Your response to the data below should hold nothing except the lines from the one containing "#monaco #metaverse #explore" down to the one containing "Watch a Rock move", reproduced exactly and without pictures.

*** Record set

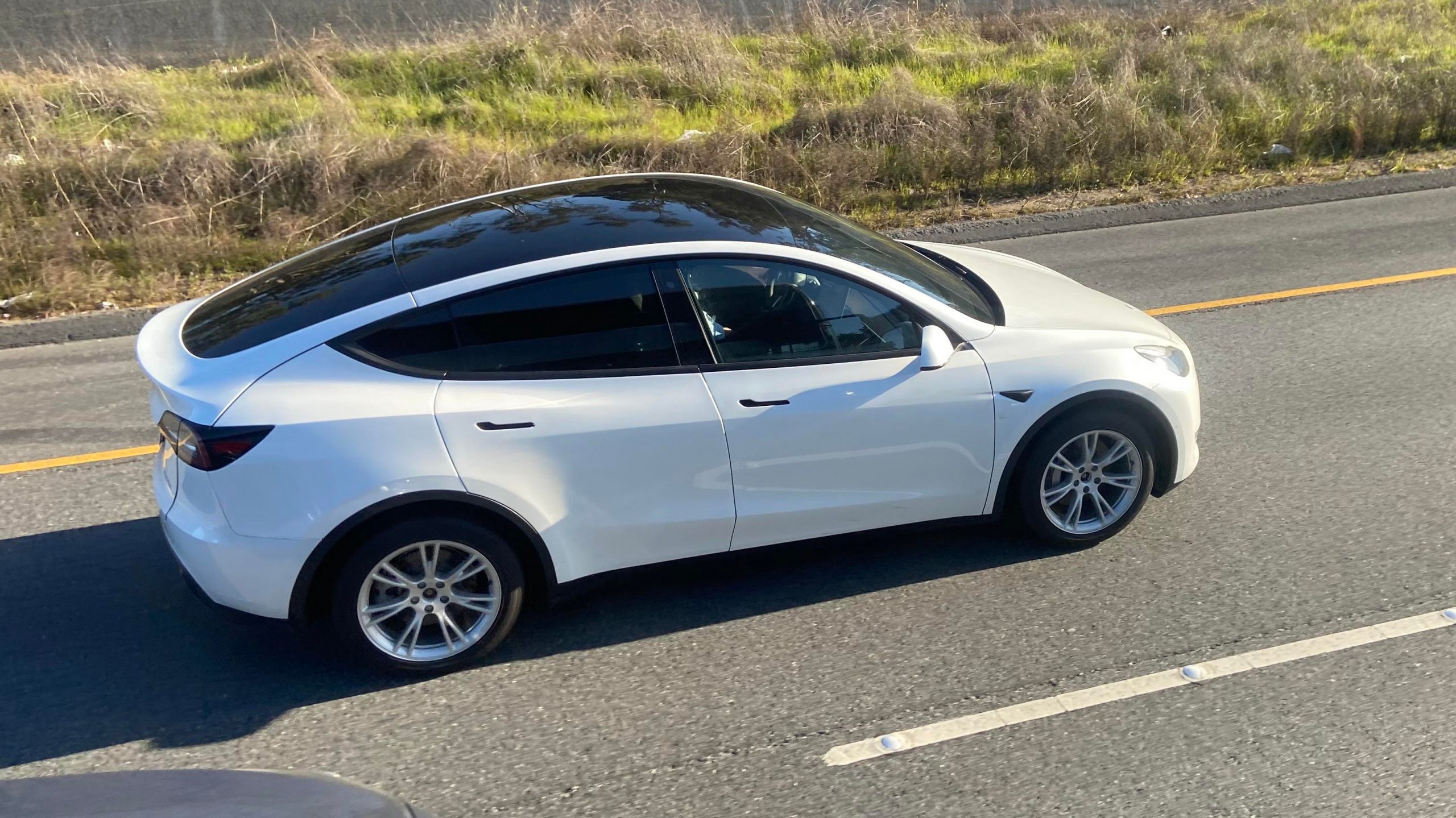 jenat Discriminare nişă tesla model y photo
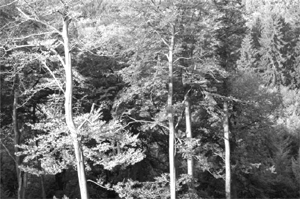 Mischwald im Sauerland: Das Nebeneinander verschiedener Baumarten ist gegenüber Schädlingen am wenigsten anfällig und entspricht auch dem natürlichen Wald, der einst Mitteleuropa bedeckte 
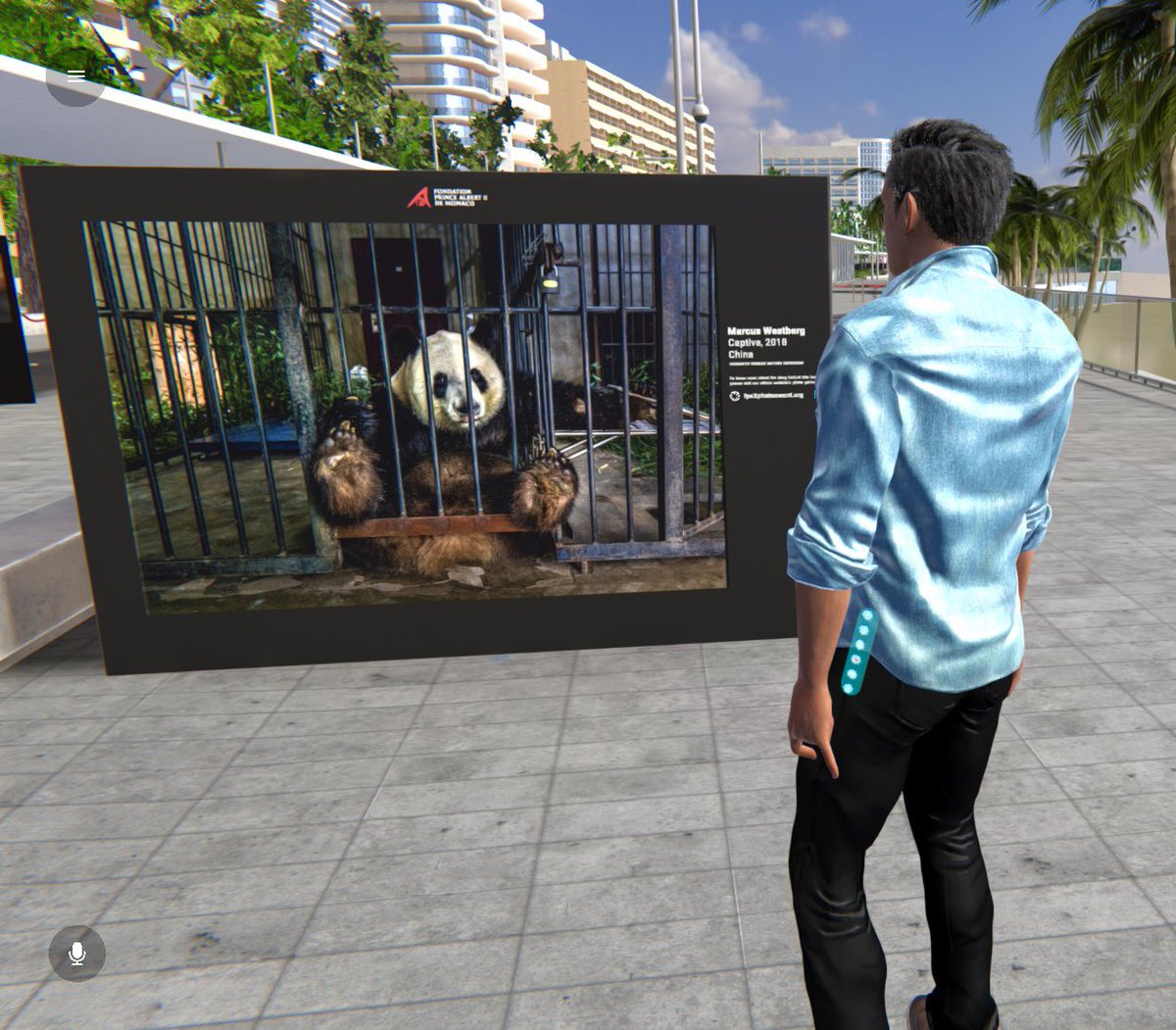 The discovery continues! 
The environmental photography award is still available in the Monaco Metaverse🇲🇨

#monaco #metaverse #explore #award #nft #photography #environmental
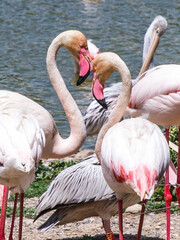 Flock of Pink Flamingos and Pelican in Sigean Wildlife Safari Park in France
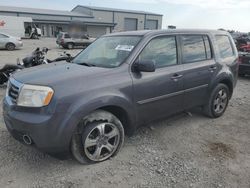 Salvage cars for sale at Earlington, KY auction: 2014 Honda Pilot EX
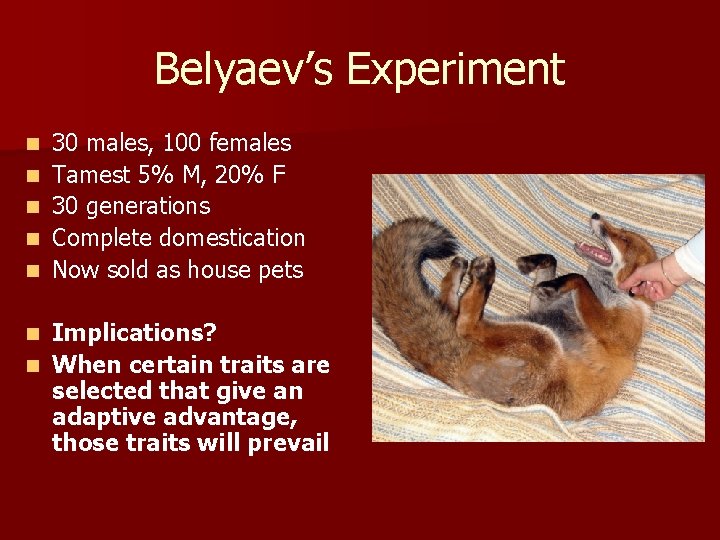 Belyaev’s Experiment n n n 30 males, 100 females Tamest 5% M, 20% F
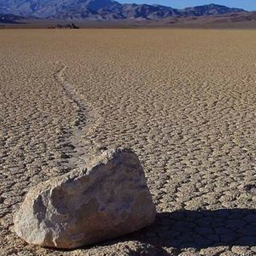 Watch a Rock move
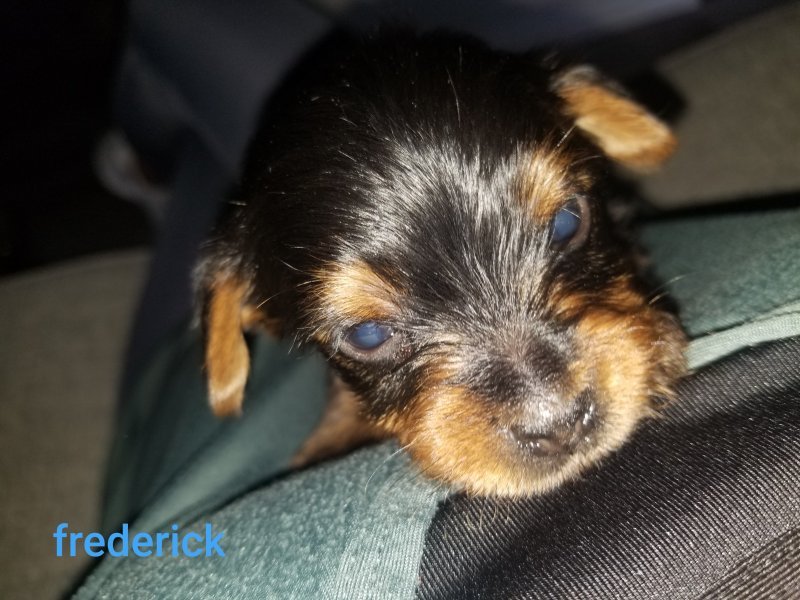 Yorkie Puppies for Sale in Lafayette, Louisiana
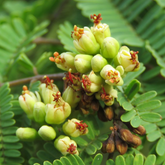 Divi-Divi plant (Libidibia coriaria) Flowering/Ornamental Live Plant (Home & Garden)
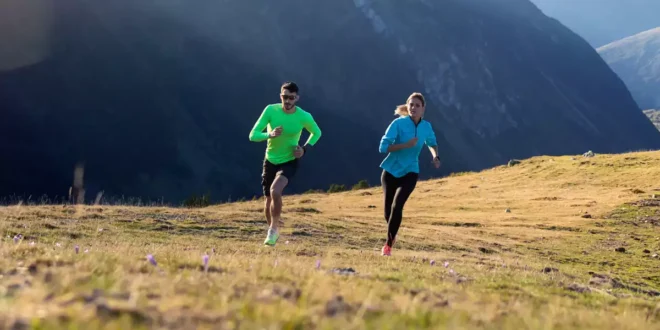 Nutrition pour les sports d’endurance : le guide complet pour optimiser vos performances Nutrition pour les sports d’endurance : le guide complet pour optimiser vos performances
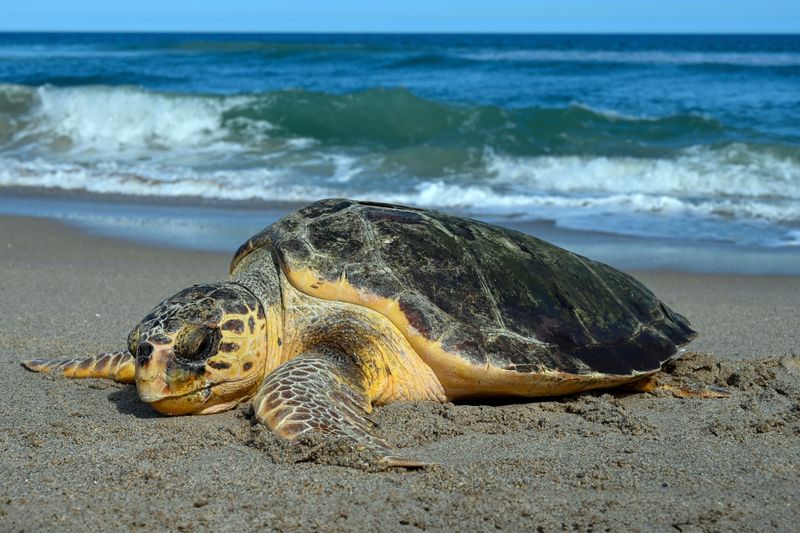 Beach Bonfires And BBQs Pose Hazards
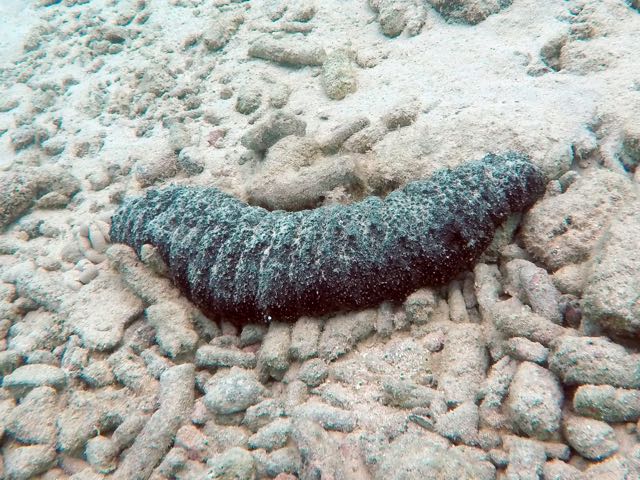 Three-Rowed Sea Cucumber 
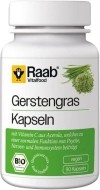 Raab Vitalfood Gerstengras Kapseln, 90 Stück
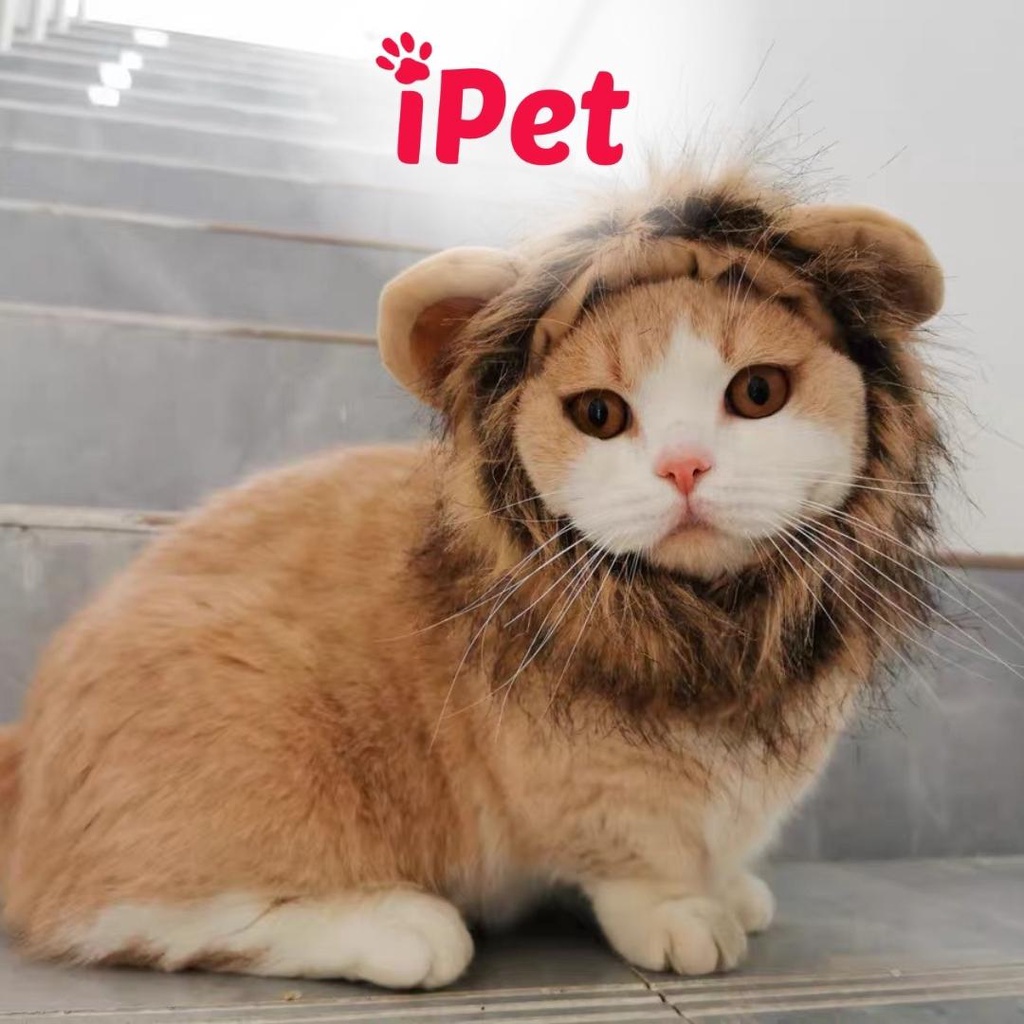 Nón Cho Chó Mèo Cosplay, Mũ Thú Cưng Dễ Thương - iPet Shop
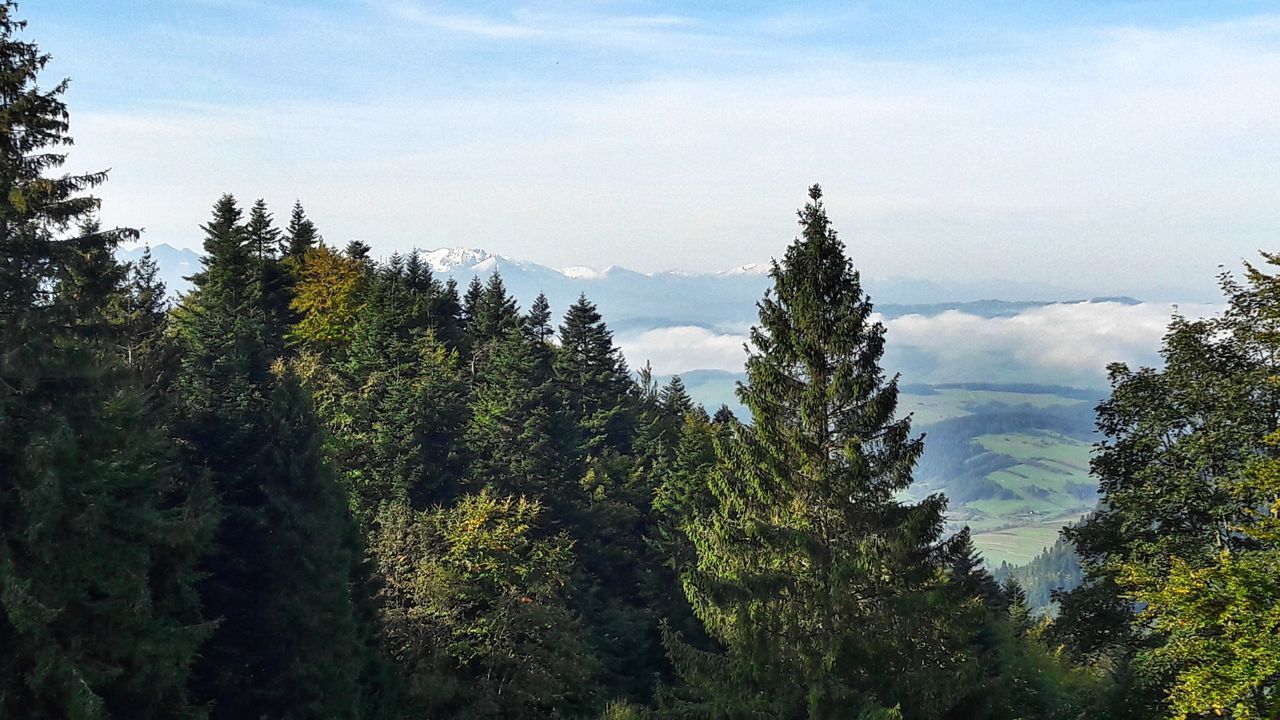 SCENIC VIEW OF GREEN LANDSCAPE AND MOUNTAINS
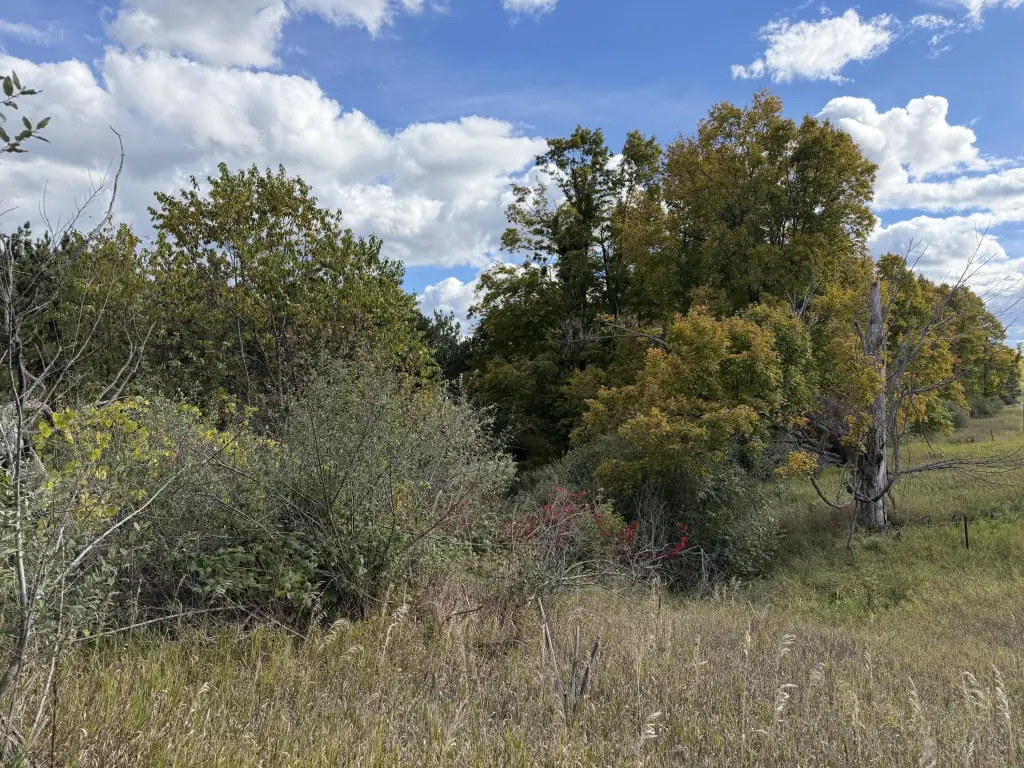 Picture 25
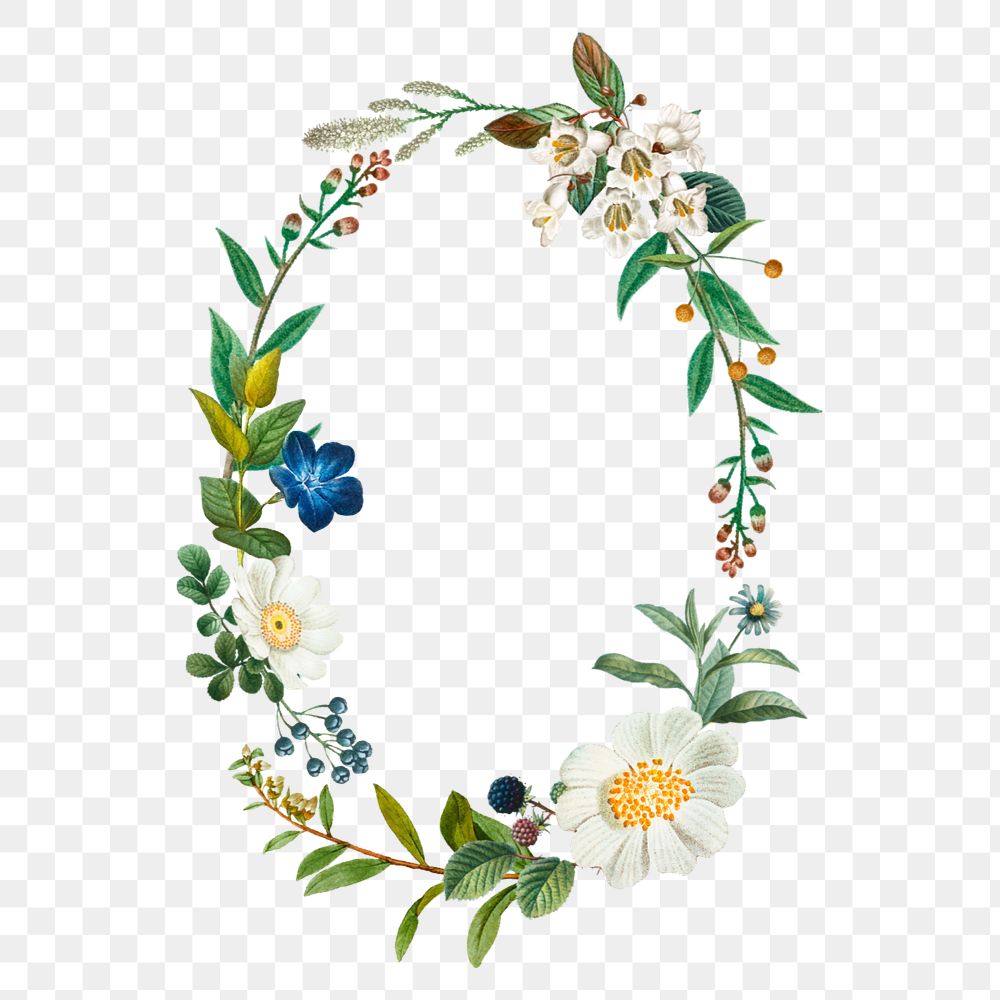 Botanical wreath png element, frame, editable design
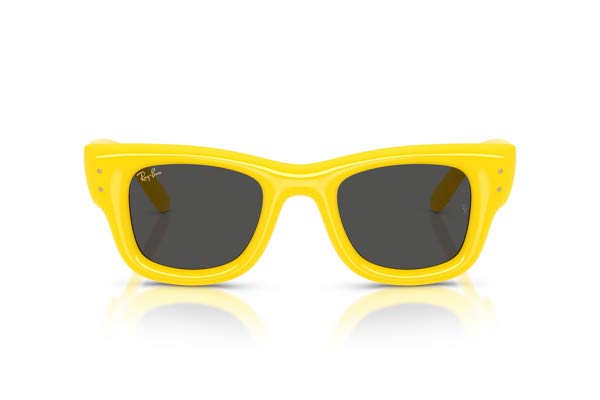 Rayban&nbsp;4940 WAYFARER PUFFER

******

● Exercise response
#monaco #metaverse #explore #award #nft #photography #environmental
 Flock of Pink Flamingos and Pelican in Sigean Wildlife Safari Park in France
 Salvage cars for sale at Earlington, KY auction: 2014 Honda Pilot EX
 Belyaev’s Experiment n n n 30 males, 100 females Tamest 5% M, 20% F
 Watch a Rock move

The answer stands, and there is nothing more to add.